Charlotte Prodger is an artist and filmmaker based in Glasgow whose work explores issues surrounding queer identity, landscape, language, technology and time. Her film LHB is the product of her extensive research into ‘queer rurality’ – how LGBTQI+ lives are lived outside the usual urban centres that tend to dominate queer narratives, and how coded notions of queer bodies radically shift when they occupy wildernesses rather than cities. In 2018, Prodger won the Turner Prize. She is representing Scotland at the Venice Biennale.
Patrick Staff is an artist based between London and Los Angeles. Their film Weed Killer departs from a monologue adapted from The Summer of Her Baldness, Catherine Lord’s memoir about her experience of breast cancer. Staff accompanies the startlingly candid dialogue with a series of choreographic gestures shot on a thermal imaging camera, hinting at the all-consuming nature of serious illness and treatment. The film brings together questions of queer identity, societal attitudes to illness, and the blurry boundary between poison and cure. Recent presentations of Staff’s work include the Chisenhale Gallery in London and the New Museum in New York.
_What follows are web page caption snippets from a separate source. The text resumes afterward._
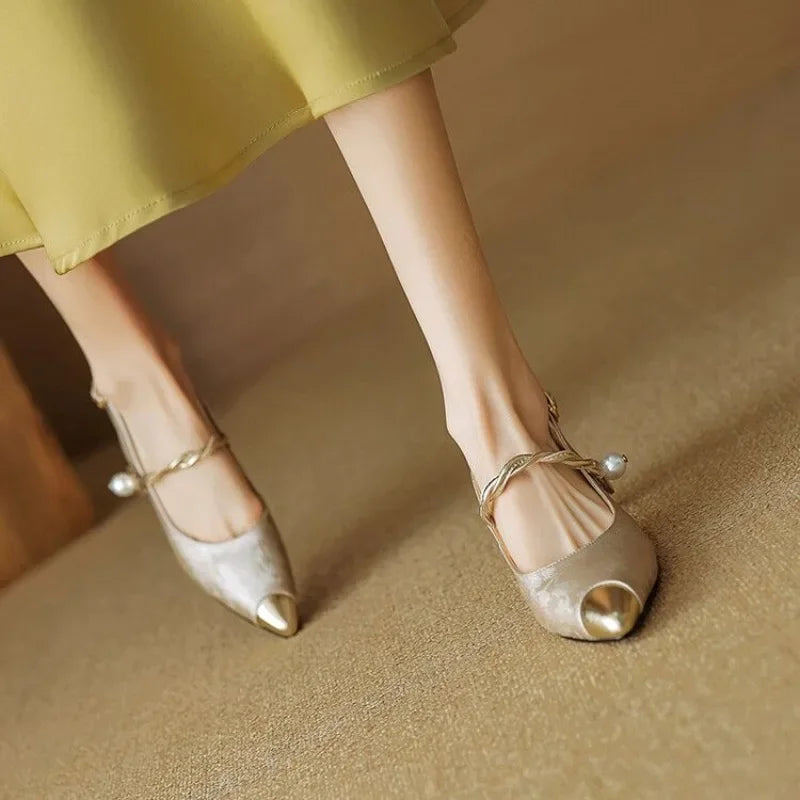 Lorisse Elegant Pumps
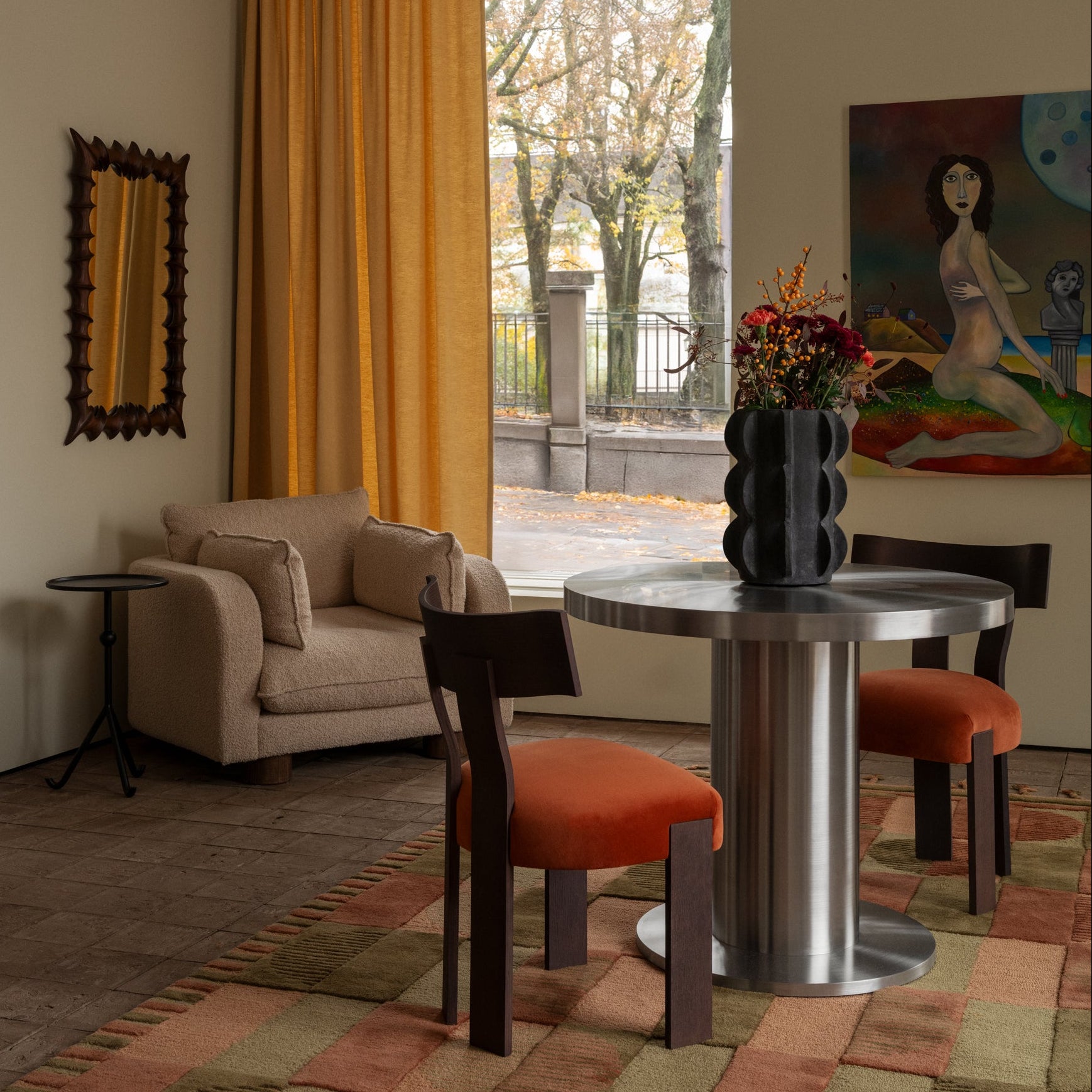 Cufflink Dining Table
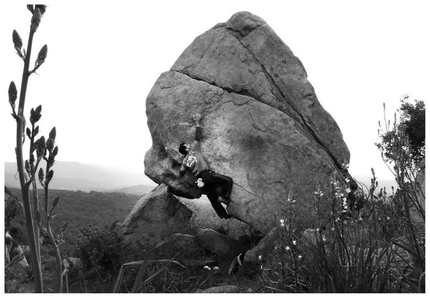 Street Boulder Contest Luogosanto (Sardegna) 2016 - Un momento del meeting di arrampicata boulder a Luogosanto (Gallura, Sardegna)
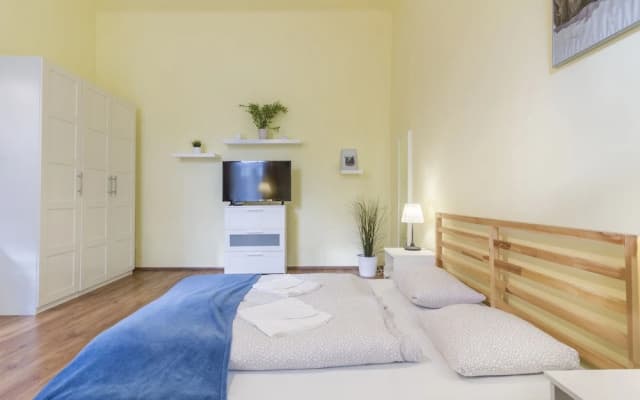Curry Apartments - photo 3
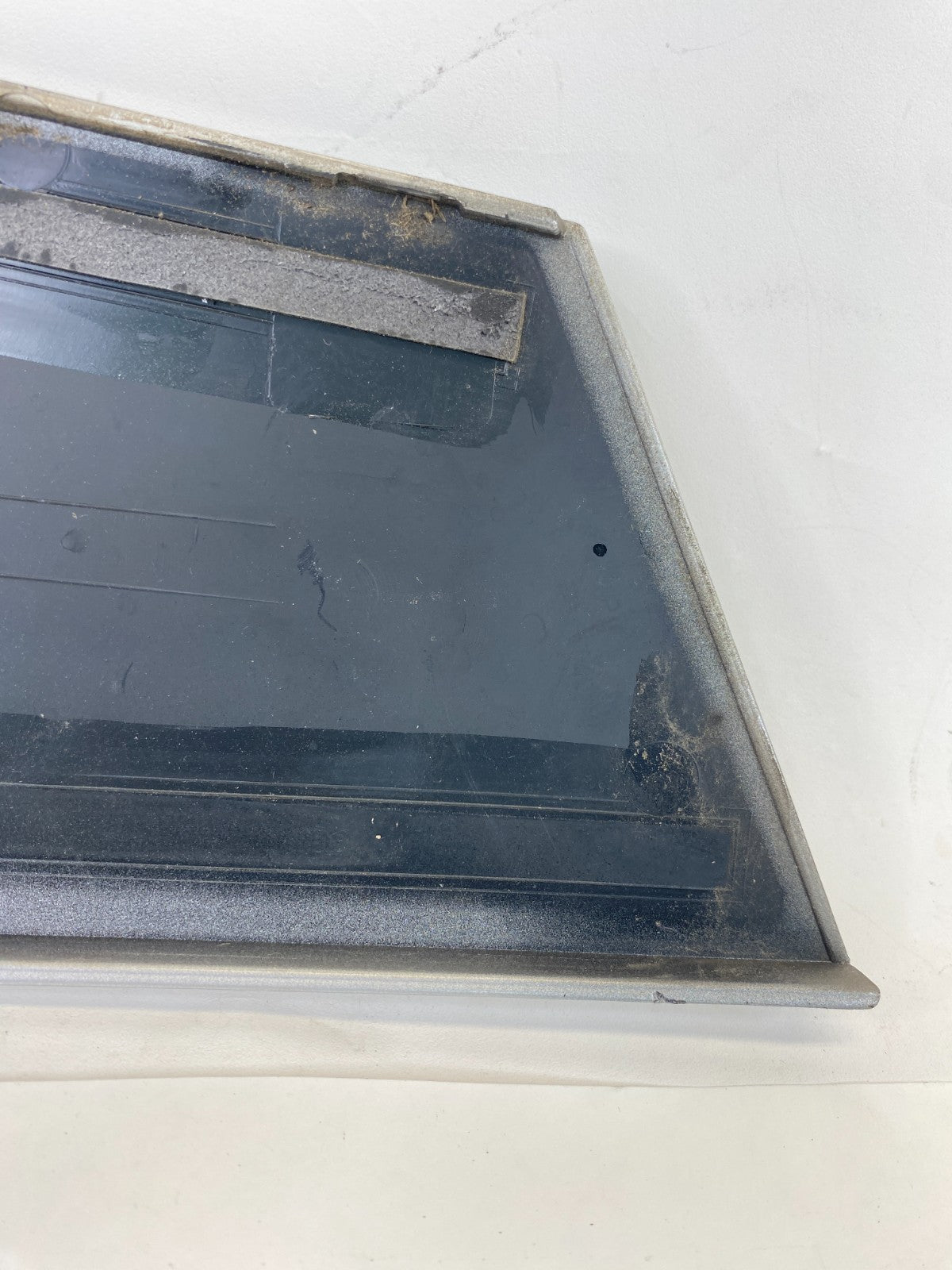 2008-2012 Buick Enclave Rear Left Quarter Window Molding Trim 15839679 OEM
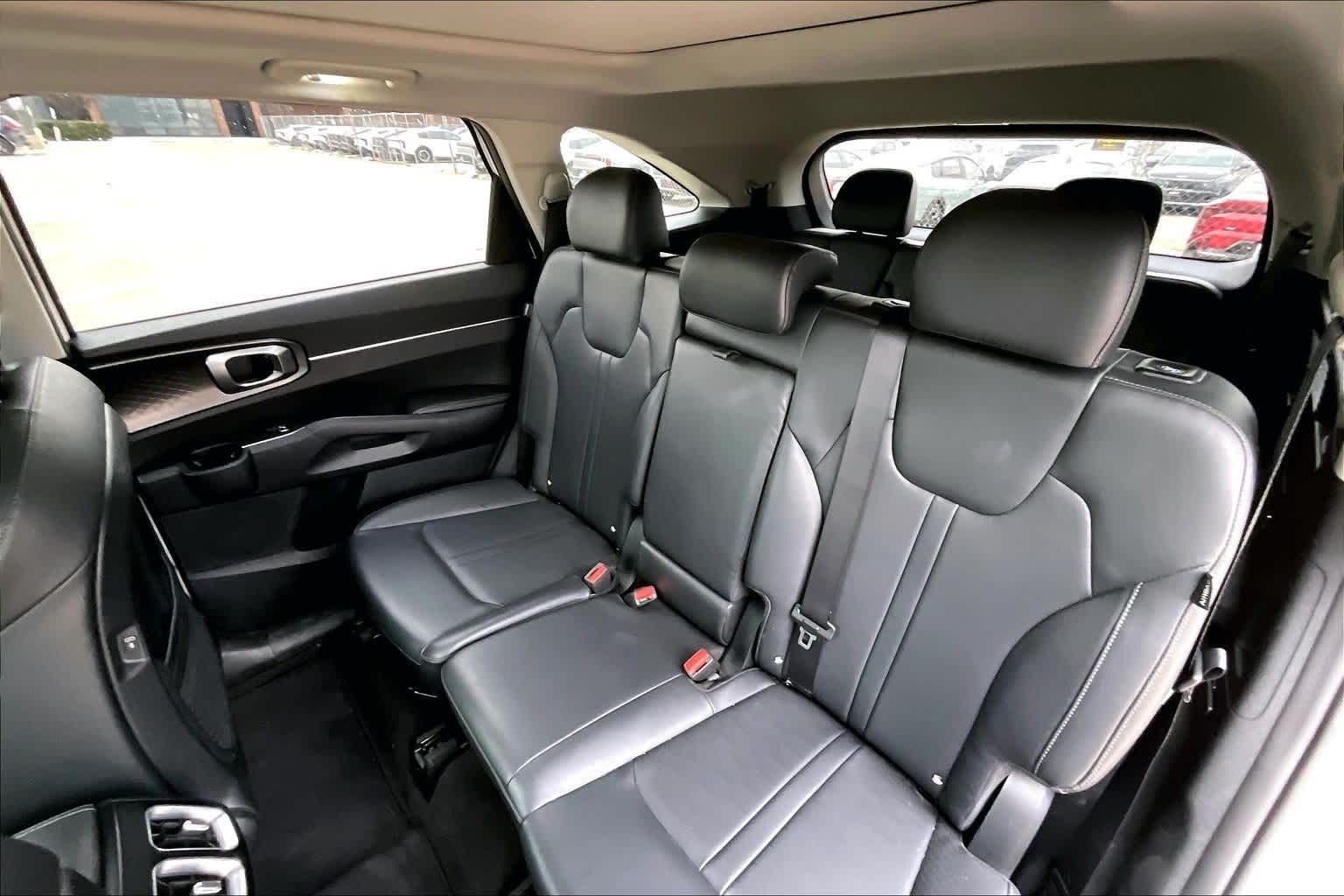 Thumbnail: 2024 Kia Sorento - 28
Paul Clinton is a writer based in London. For four years he was senior editor at frieze magazine and now publishes widely in addition to being lecturer in curating at Goldsmiths, University of London. His book Other Hunting is forthcoming in 2019.
Pxssy Palace is a club night run by an all-women crew that provides marginalised communities with a safe space.
Jeffery Hinton is a DJ and video artist based in London. Hinton earned his legendary status as a DJ at Taboo, Leigh Bowery’s famously decadent London club of the mid-1980s. Here Hinton created his own video collages projected above the dance floor. He regularly DJs at Superstore, East Bloc, The Glory and Vogue Fabrics.